Directions for this task. Could you return all of the entries below exactly, minus the pictures?

Entries shown.

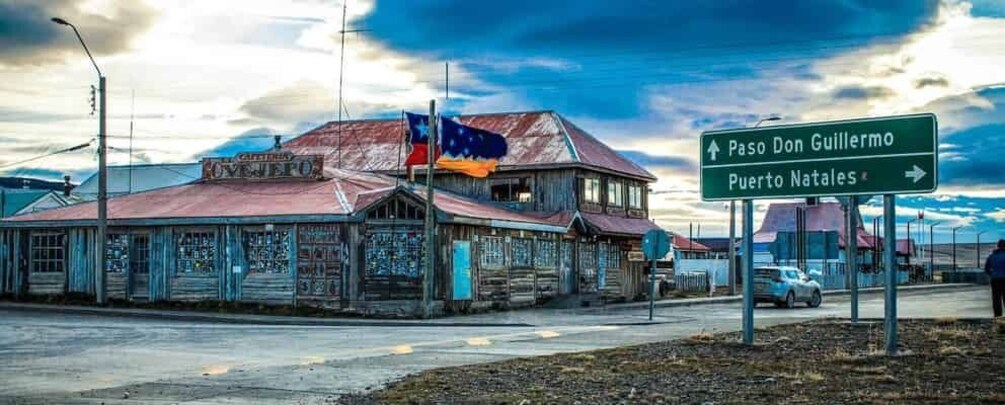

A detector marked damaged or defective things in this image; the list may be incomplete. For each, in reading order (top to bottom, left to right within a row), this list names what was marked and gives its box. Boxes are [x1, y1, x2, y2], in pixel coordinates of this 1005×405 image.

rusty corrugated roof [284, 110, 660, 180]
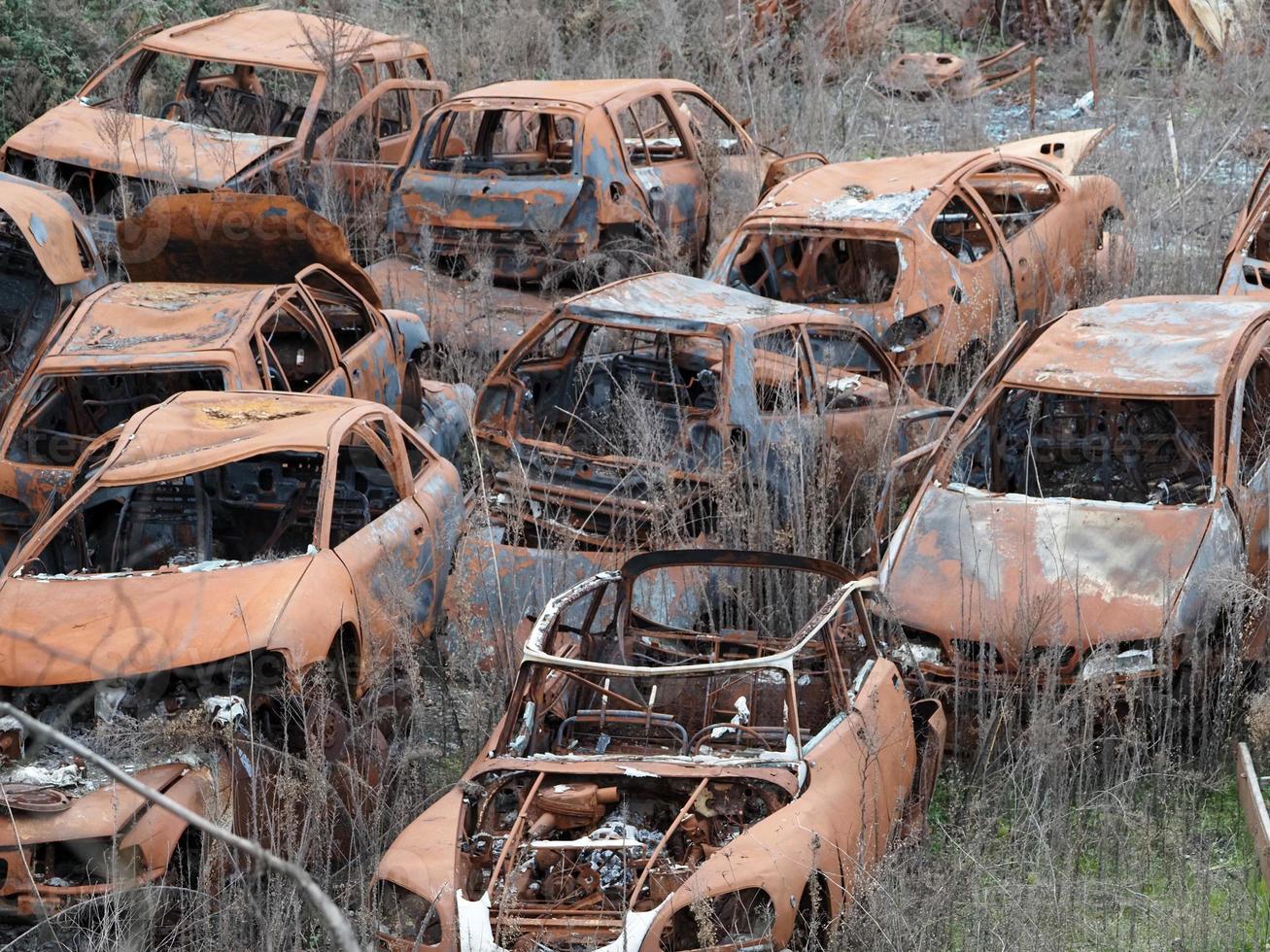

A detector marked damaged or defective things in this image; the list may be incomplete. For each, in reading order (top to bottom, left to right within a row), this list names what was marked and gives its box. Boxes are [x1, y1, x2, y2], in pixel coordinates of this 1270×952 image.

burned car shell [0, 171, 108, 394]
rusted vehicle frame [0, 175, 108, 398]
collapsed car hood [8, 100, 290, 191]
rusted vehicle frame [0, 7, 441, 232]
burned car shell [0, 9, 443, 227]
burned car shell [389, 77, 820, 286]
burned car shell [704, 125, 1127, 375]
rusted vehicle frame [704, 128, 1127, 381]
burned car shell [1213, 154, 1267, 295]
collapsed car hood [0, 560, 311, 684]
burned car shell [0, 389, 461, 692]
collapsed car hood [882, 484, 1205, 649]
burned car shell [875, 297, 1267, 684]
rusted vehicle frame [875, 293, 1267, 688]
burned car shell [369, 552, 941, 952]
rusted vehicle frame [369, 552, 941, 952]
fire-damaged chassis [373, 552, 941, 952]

Exercise output.
A detector marked damaged or defective things in this image; the list may be incomplete. For each, in reading order (top to bottom, left to right within a row), this list names what was marked and gives its box. Boxes are [x1, y1, x2, y2], in pixel coordinates of this 1005×405 image.

rusty corrugated roof [284, 110, 660, 180]

A detector marked damaged or defective things in this image; the list may be incomplete. For each, in reading order (top to bottom, left to right within a row), this list names what was marked and gives its box. Boxes are [x1, y1, x2, y2], in pixel coordinates of this 1270×952 image.

burned car shell [0, 171, 108, 394]
rusted vehicle frame [0, 175, 108, 398]
collapsed car hood [8, 100, 290, 191]
rusted vehicle frame [0, 7, 441, 232]
burned car shell [0, 9, 443, 227]
burned car shell [389, 77, 820, 286]
burned car shell [704, 125, 1127, 375]
rusted vehicle frame [704, 128, 1127, 381]
burned car shell [1213, 154, 1267, 295]
collapsed car hood [0, 560, 311, 684]
burned car shell [0, 389, 461, 692]
collapsed car hood [882, 484, 1205, 649]
burned car shell [875, 297, 1267, 684]
rusted vehicle frame [875, 293, 1267, 688]
burned car shell [369, 552, 941, 952]
rusted vehicle frame [369, 552, 941, 952]
fire-damaged chassis [373, 552, 941, 952]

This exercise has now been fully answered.